Sentence has now been upheld in a devastating blow for free speech. Lauren Davis reports
Paul Chambers has lost his appeal at Doncaster Crown Court. The court found that Chambers’s tweet, in which he joked he would blow up Robin Hood Airport, was “obviously menacing.” Jacqueline Davies said Chambers was an “an unimpressive witness”, and said: “the words in the message speak for themselves and they were sent at a time when the security threat to this country was substantial.” She added: “Any ordinary person would have been menaced by the tweet.”
When the trainee accountant’s plans to travel to meet a fellow tweeter were affected by severe weather earlier this year, he vented his frustration on Twitter, writing:
Crap! Robin Hood airport is closed. You’ve got a week and a bit to get your shit together, otherwise I’m blowing the airport sky high!
The tweet was seen by an airport duty manager and Robin Hood Airport notified South Yorkshire Police. A week after posting the joke, Chambers was arrested under anti-terrorism laws, on suspicion of creating a bomb hoax. Police confiscated his iPhone, laptop and personal computer. He subsequently lost his job.

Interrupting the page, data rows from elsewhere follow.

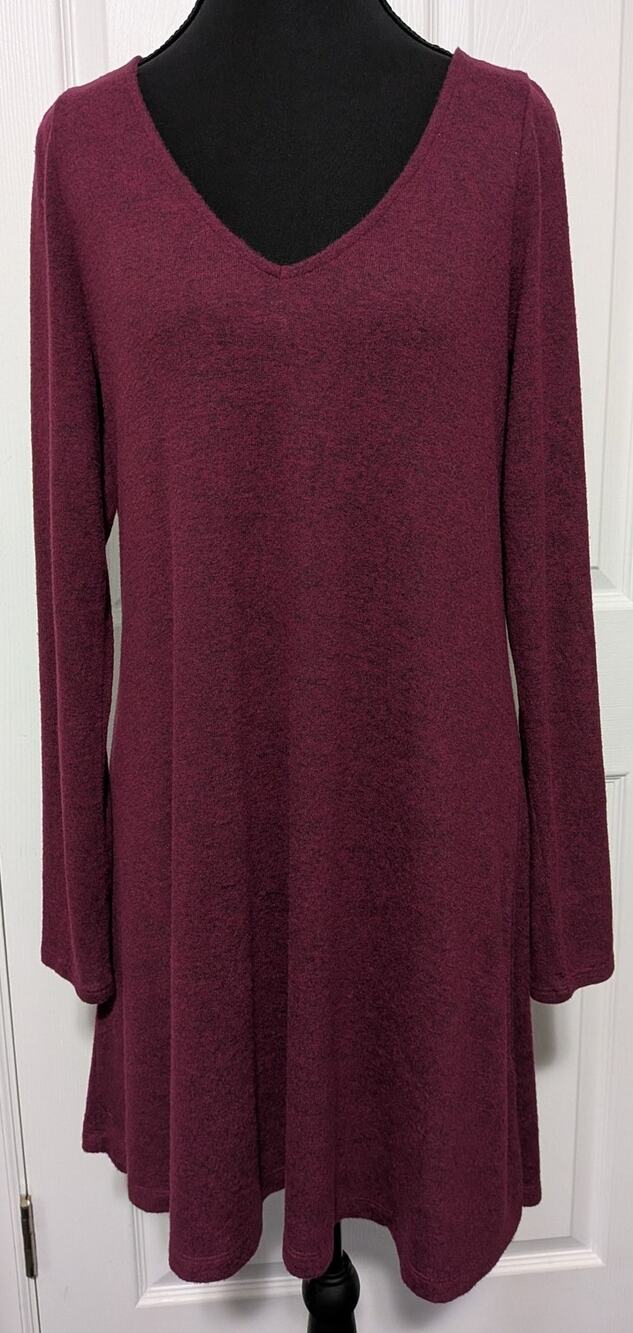 Express Burgundy Heather Knit Swing Dress Medium V-Neck Long Sleeve A-Line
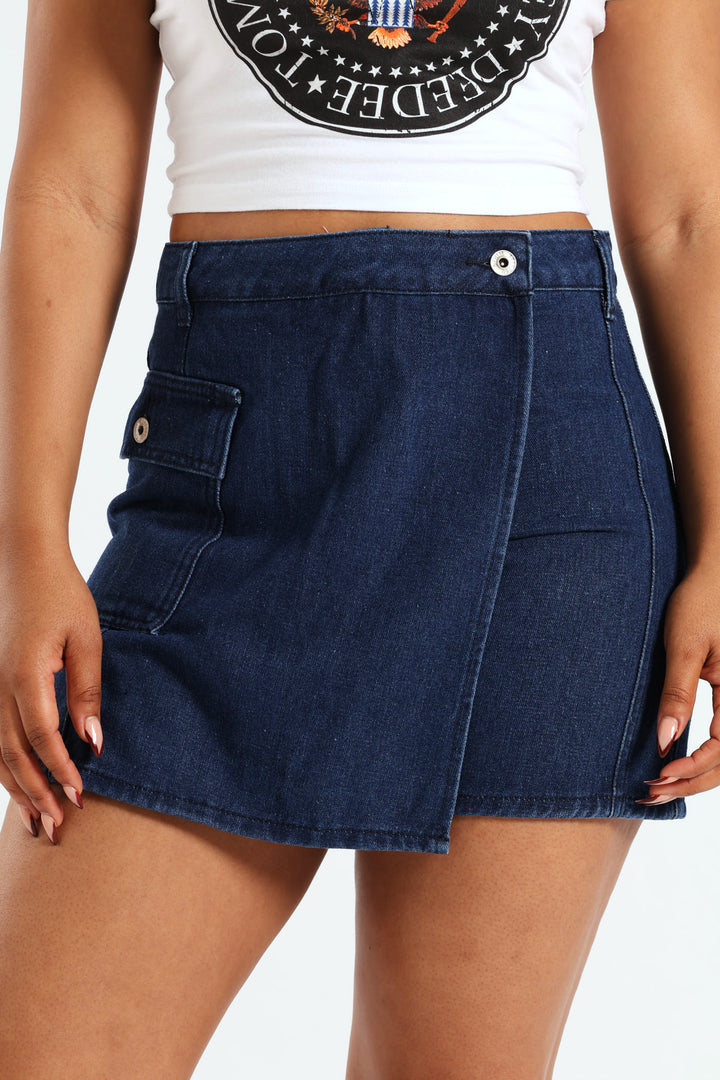 Denim Skort - Ink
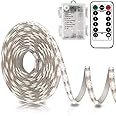 echosari Battery Operated Led Strip Lights White with Remote, 8 Modes, Dimmable, Timer, Self-Adhesive, Cuttable, for PC TV Kitchen Cabinet Shelves Bedroom Decor (3m 90LED)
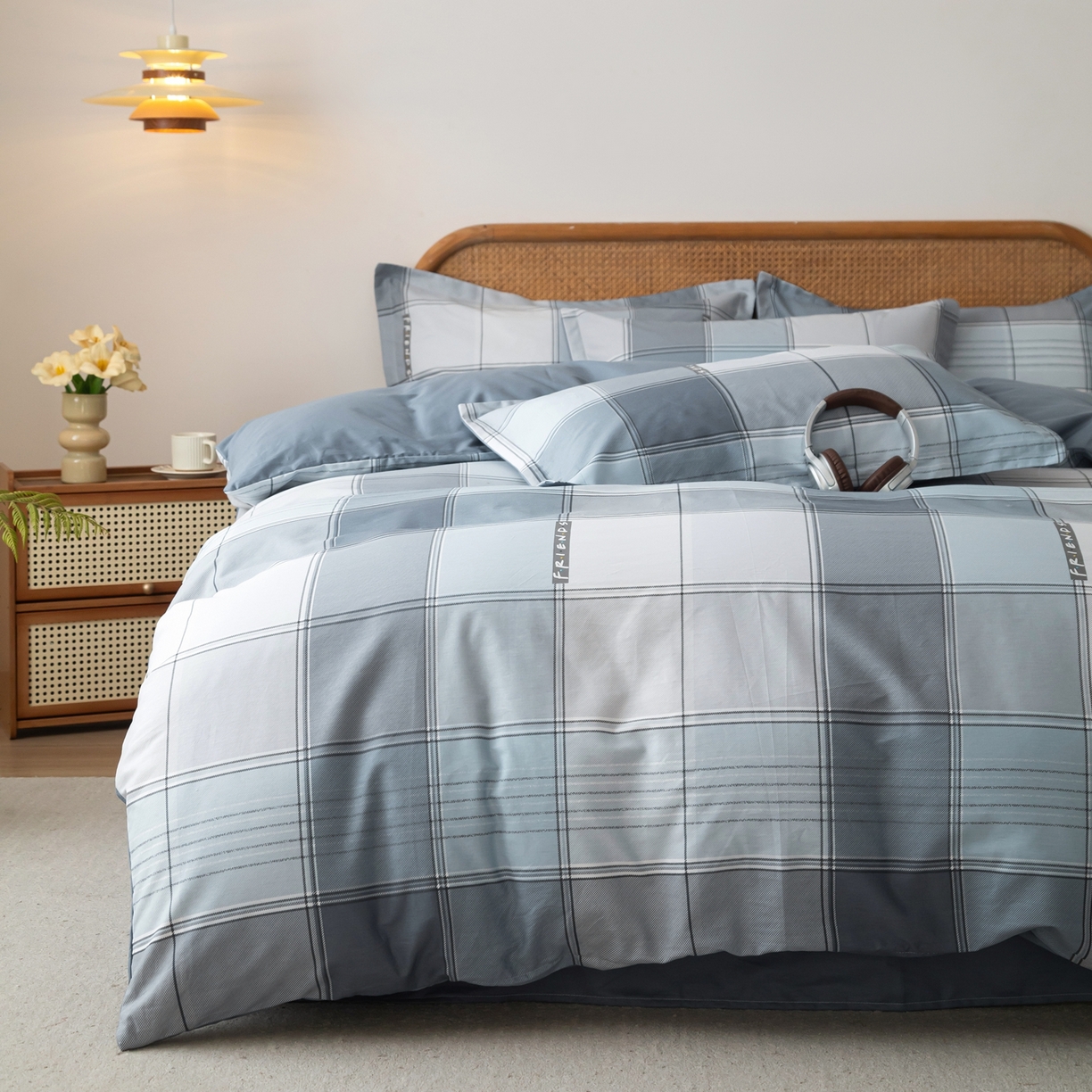 91家纺网 家纺一手货源 找家纺 梦纤绒 2026新款全棉纯棉印花四件套 方格律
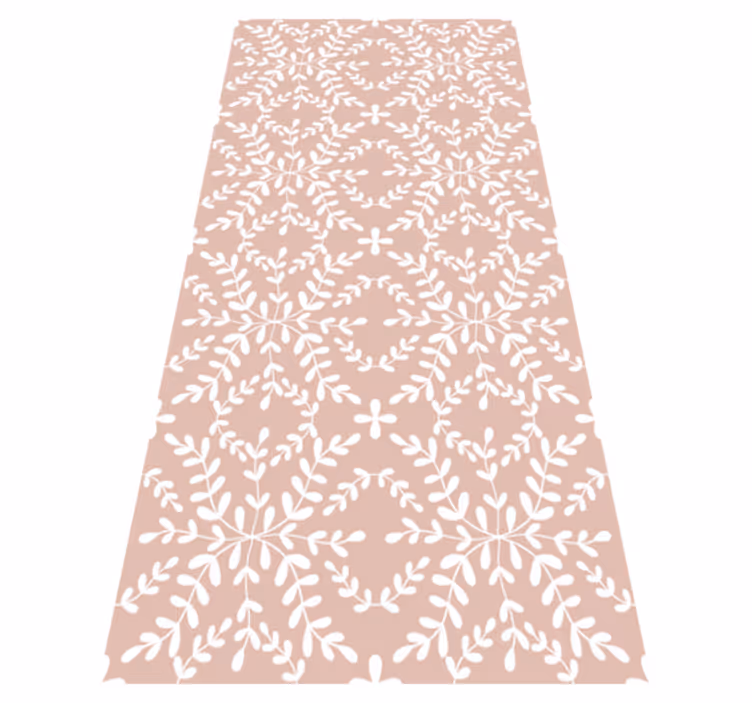 Alfombra vinílica flores hojas ornamentales vintage - TenVinilo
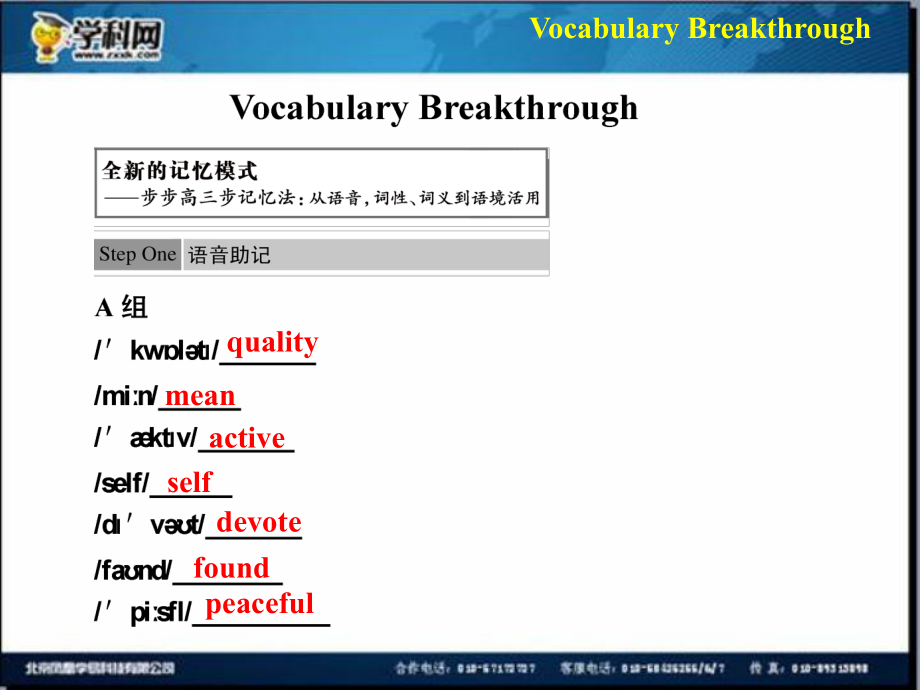 【新人教版 必修一】2013-2014學年高中英語 Unit 5 Vocabulary Breakthrough_第1頁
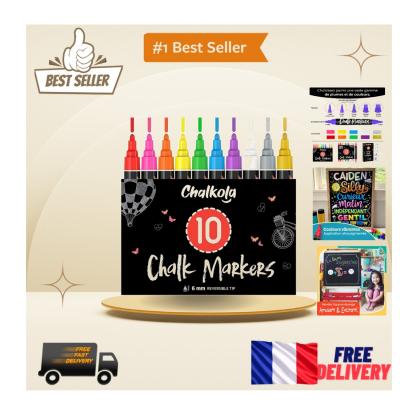 Chalkola   Ensemble de 10 Marqueurs � Craie Liquide Effa�ables Or et Argent, 6mm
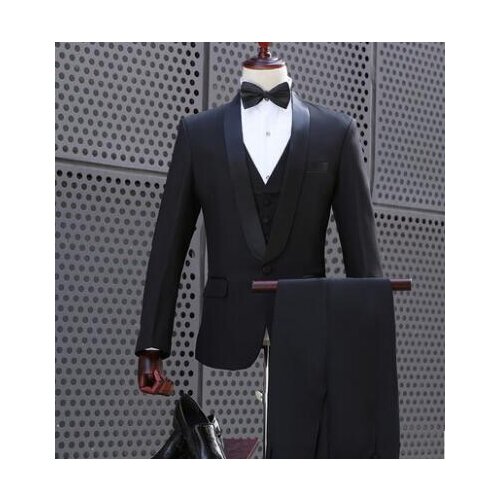 Black chorus singer star style stage clothing for men groom suit set with pants 2020 mens wedding suits costume formal dress tie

Chambers was charged the following month with sending a menacing message via a public telecommunications network — the first person in the UK to be charged in connection with Twitter. A district judge found him guilty of the offence on 10 May, and Chambers was fined a total of £1,000.
After his conviction Chambers said: “It did not cross my mind that Robin Hood would ever look at Twitter or take it seriously because it was innocuous hyperbole.”
The appeal against the conviction began on 24 September, with lawyer David Allen Green — better known as blogger Jack of Kent — coordinating the defence. Chambers gained hundreds of supporters on Twitter, many of whom quoted John Betjeman’s line “Come friendly bombs and fall on Slough”; Allen Green has argued that the poet’s words could be interpreted in the same way as Chambers’ tweet.
Chambers is now liable for the £1000 fine and costs from his original conviction as well as an additional £2600 in prosecution costs.